Action item – Every line from the one with "2012 Jeep Liberty" up to and including the one with "Игра My Step Sisters, скриншот" is to be output exactly as it appears below; pictures are not.

(Record set Opens)

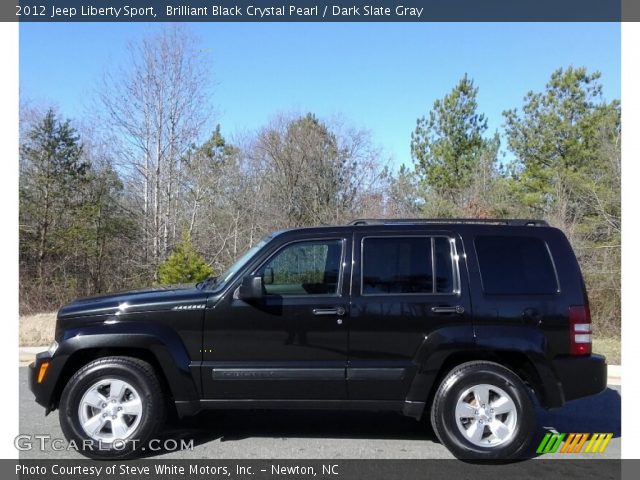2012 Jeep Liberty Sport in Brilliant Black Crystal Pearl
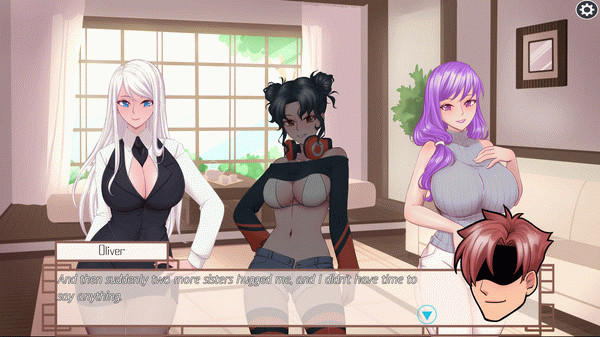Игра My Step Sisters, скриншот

(Record set Closes)
(Record set Opens)

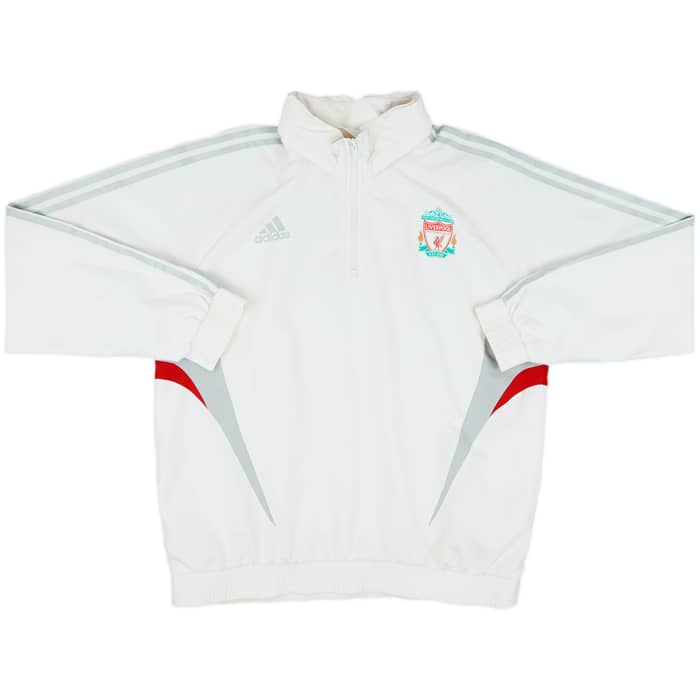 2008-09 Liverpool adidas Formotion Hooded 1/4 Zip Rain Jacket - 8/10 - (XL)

(Record set Closes)
(Record set Opens)

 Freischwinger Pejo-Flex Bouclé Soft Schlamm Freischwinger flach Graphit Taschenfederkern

(Record set Closes)

Your response –
2012 Jeep Liberty Sport in Brilliant Black Crystal Pearl
Игра My Step Sisters, скриншот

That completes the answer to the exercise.